Cet engagement dans la production cinématographique ne manque pas de poser la question des droits d’auteur et de la propriété intellectuelle. Blanche Neige Lucie (Pierre Huyghe, France, 1997), la première pièce produite par Anna Sanders Films (structure, rappelons-le, qui est fondée en vue de la réalisation du Pont du trieur de Charles de Meaux et Philippe Parreno23) inverse les termes de l’« expérience sociologique » intentée par Bertolt Brecht contre la Nero Film.
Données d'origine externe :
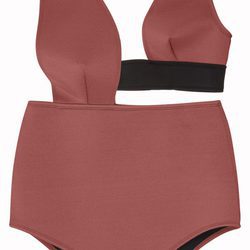 Bañador  rojo y negro de la nueva colección de bañadores de ASOS 2017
Rappelons brièvement le différend qui oppose Brecht, et dans un premier temps Kurt Weill, à la Nero Film : le dramaturge et le compositeur contestent la violation du sens et de la portée politique de leur œuvre dans l’adaptation filmique de Georg W. Pabst (L’opéra de quat’sous, 1930) ; se heurtant à l’hégémonie de cette grande société de production, Brecht démontre, en perdant son procès, que l’industrie du cinéma exclut la notion même d’auteur, en réduisant l’œuvre à une marchandise24. Par ce parallèle, l’on n’entend pas induire que Huyghe repart de Brecht, dans le procès que la doublure française de Blanche-Neige intente contre la société Disney, cette dernière ayant utilisé abusivement l’enregistrement de sa voix ; mais le fait que Lucie Dolène obtienne compensation montre bien que tout a un prix (une valeur d’échange) dans la société administrée contemporaine, même une voix étrangère (et désolidarisée d’un corps qui est en lui-même déjà artificiel, dessiné et animé image par image). Il s’agit dès lors, pour les artistes qui dirigent Anna Sanders, de jouer avec cette logique marchande, de la déplacer dans un contexte inapproprié (car en effet, comment la déjouer, lui échapper ?), en la constituant en sujet d’une œuvre d’art : c’est bien là le projet auquel répond Anna Sanders Films, en s’adaptant aux régles de l’économie du cinéma.
Anna Sanders Films : fictions, portraits, paysages
Anna Sanders répond encore à un programme poétique qui peut se résumer à trois problématiques entrelacées. Anna Sanders, c’est d’abord un magazine édité par Pierre Huyghe et Philippe Parreno, en 199725 : un numéro unique est consacré à la création d’un personnage de fiction et à l’invention d’un scénario qui n’est pas destiné à être tourné. Cette virtualité d’une fable potentielle et d’un personnage imaginaire est au centre des films produits par la Sàrl Anna Sanders, neutralisant les indices qui permettent de distinguer les modes de la fictionnalité et de la documentarisation. A ce personnage de fiction, ou si l’on préfère à cette fiction (de) productrice d’images, se superposent deux projets ou intentions qui sont dédifférenciés : d’une part dresser le portrait d’un paysage comme l’on cerne les caractéristiques d’un personnage, d’autre part établir la légende d’un personnage comme cela se fait dans un atlas de géographie. En ce sens encore, la structure Anna Sanders est liminaire, incarnant le concept de l’« entre-deux » (Zwischen)26, spécifié cette fois respectivement comme l’altérité du caractère ou de la personnalité, comme l’atopie ou l’exterritorialité au lieu. En effet, le film inaugural d’Anna Sanders : Le pont du trieur, est construit, en référence au mode d’énonciation des émissions radiophoniques, comme le relevé topographique d’un ailleurs, en l’occurrence la région du Pamir. Et le projet collectif AnnLee, produit par la société Anna Lena, consiste justement à doter d’une identité et d’une histoire un personnage désinvesti de manga, une « coquille vide » pour le dire succinctement. Le paysage fait histoire, et le personnage se déchiffre comme les légendes d’une carte topographique. Le binôme art contemporain et cinéma repose en ce cas sur un désir de fiction, suivant un mouvement d’effraction que l’on peut définir comme un délit de fabulation, une affabulation ou une contre-façon.